The exercise price of the New Warrants, and the number of New Warrant Shares, are subject to adjustment in the event of any stock dividend or split, reverse stock split, recapitalization, reorganization or similar transaction, as described in the New Warrants. The Company may also at any time during the term of the New Warrants, subject to the prior written consent of the holder, voluntarily reduce the then current exercise price to any amount and for any period of time, subject to the rules and regulations of Nasdaq.

 

A holder will not have the right to exercise any portion of the New Warrants if the holder (together with its affiliates) would beneficially own in excess of 4.99% (or, upon election of the holder, 9.99%) of the number of shares of Common Stock outstanding immediately after giving effect to the exercise, as such percentage ownership is determined in accordance with the terms of such warrants. However, any holder may increase or decrease such percentage, provided that any increase will not be effective until the 61st day after such election.

 

In the event of a Fundamental Transaction (as such term is defined in the New Warrants), then the successor entity will succeed to, and be substituted for the Company, and may exercise every right and power that the Company may exercise and will assume all of its obligations under the New Warrants with the same effect as if such successor entity had been named in the warrant itself.
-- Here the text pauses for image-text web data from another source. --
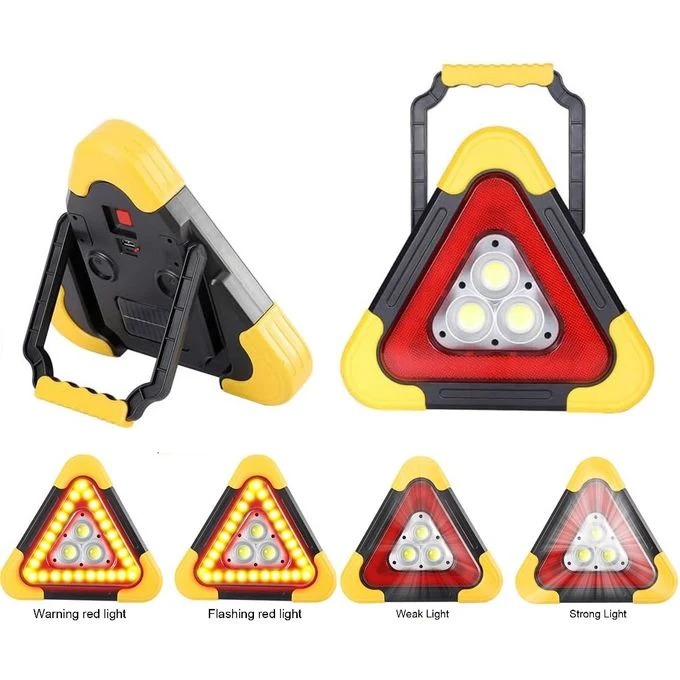 Triangle davertissement à énergie solaire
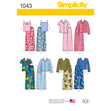 Simplicity Pattern 1043 Child's, Girls' and Boys' Separates
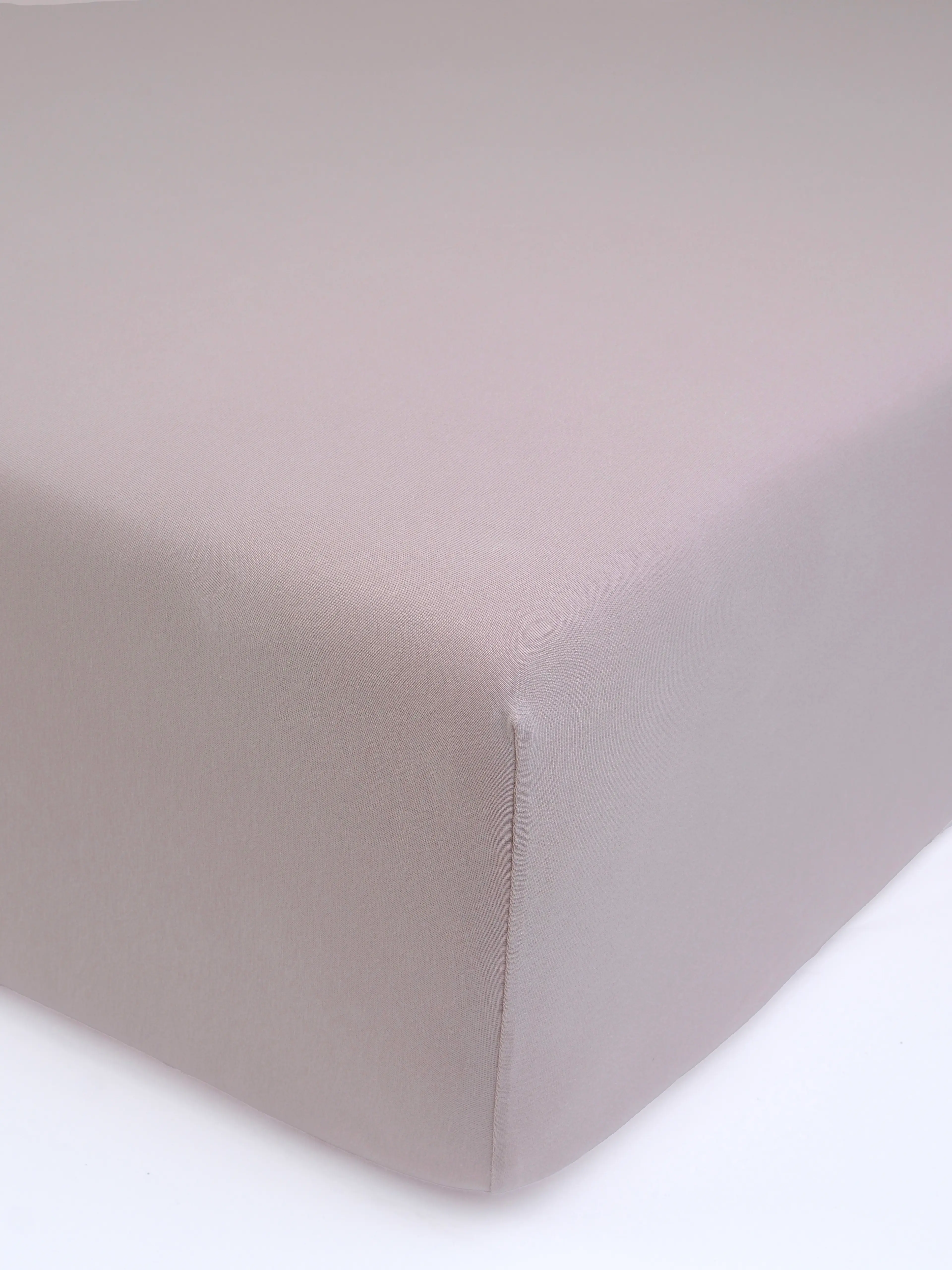 MKLuzkoviny.cz Jersey prostěradlo do postýlky s elastanem Deluxe 60 × 120 cm – cappuccino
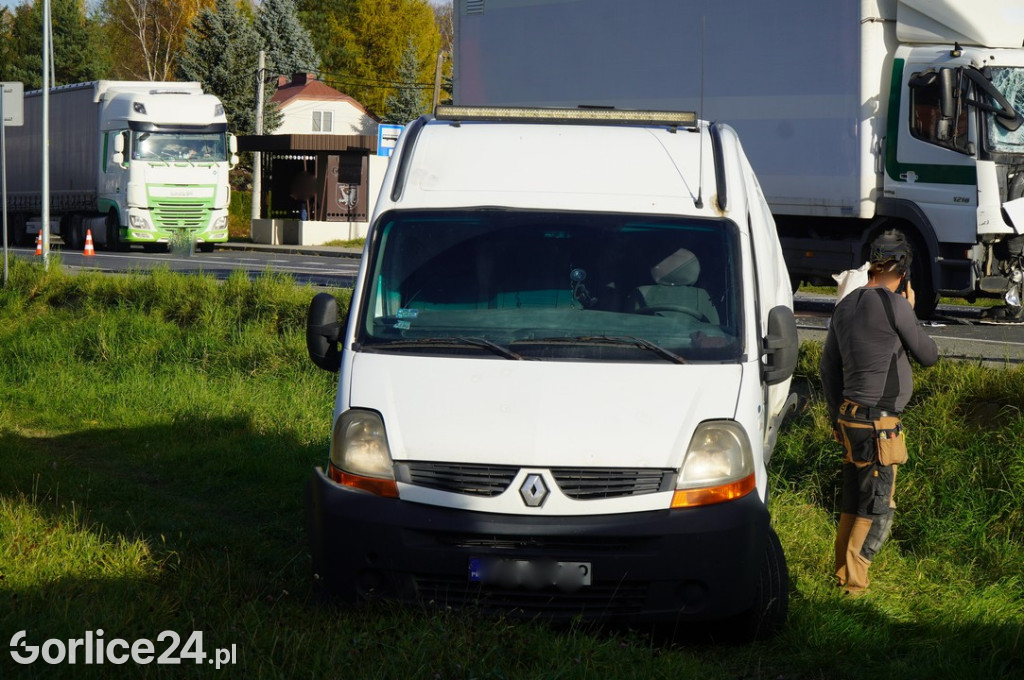 Wypadek w Klęczanach (29.10)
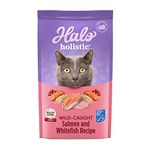 Halo Holistic Dry Cat Food, Wild Salmon and Whitefish, 3 LB Bag of Natural Cat Food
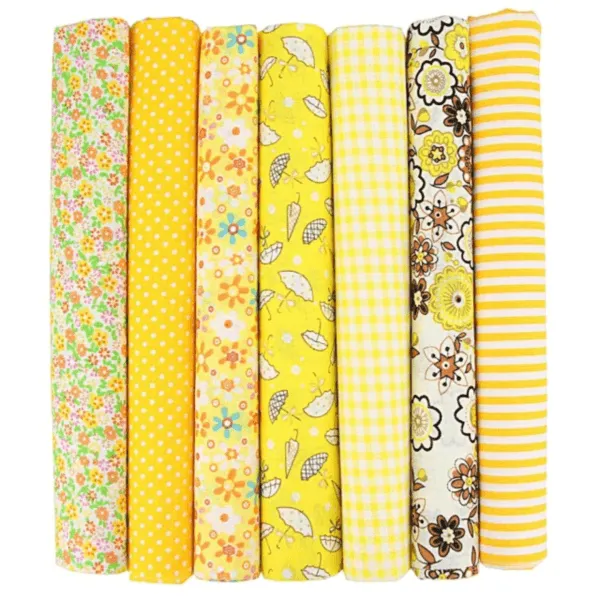 7 Pcs Fabric Bundle (25 x 25 cm)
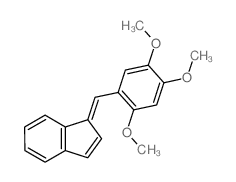 1H-Indene,1-[(2,4,5-trimethoxyphenyl)methylene]- Structure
If holders of Common Stock are given a choice as to the securities, cash or property to be received in a Fundamental Transaction, then the holder shall be given the same choice as to the consideration it receives upon any exercise of the New Warrants following such Fundamental Transaction. In addition, the successor entity, at the request of holders of New Warrants, will be obligated to purchase any unexercised portion of the New Warrants in accordance with the terms thereof.

 

Except as otherwise provided in the New Warrants or by virtue of such holder’s ownership of shares of Common Stock, the holder of the New Warrants will not have the rights or privileges of a holder of Common Stock, including any voting rights, until the holder exercises such warrant.

 

The New Warrants and the New Warrant Shares described herein are being issued in a private placement and have not been registered under the Securities Act of 1933, as amended (the “Securities Act”), and are instead being offered pursuant to the exemption provided in Section 4(a)(2) under the Securities Act and Rule 506(b) promulgated thereunder.

 

The foregoing summaries of each of the New Warrants, the Advisor Warrants, and the Inducement Agreement, do not purport to be complete and are qualified in their entirety by reference to the definitive transaction documents, copies of which are attached hereto as Exhibits 4.1, 4.2, and 10.1, respectively, and are each incorporated herein by reference.

 

The Company notes that the representations, warranties and covenants made by the Company in any agreement that is incorporated by reference herein were made solely for the benefit of the parties to such agreement, including, in some cases, for the purpose of allocating risk among the parties to such agreements. In addition, the assertions embodied in any representations, warranties and covenants contained in such agreements may be subject to qualifications with respect to knowledge and materiality different from those applicable to security holders generally. Moreover, such representations, warranties or covenants were accurate only as of the date when made, except where expressly stated otherwise. Accordingly, such representations, warranties and covenants should not be relied on as accurately representing the current state of the Company’s affairs at any time.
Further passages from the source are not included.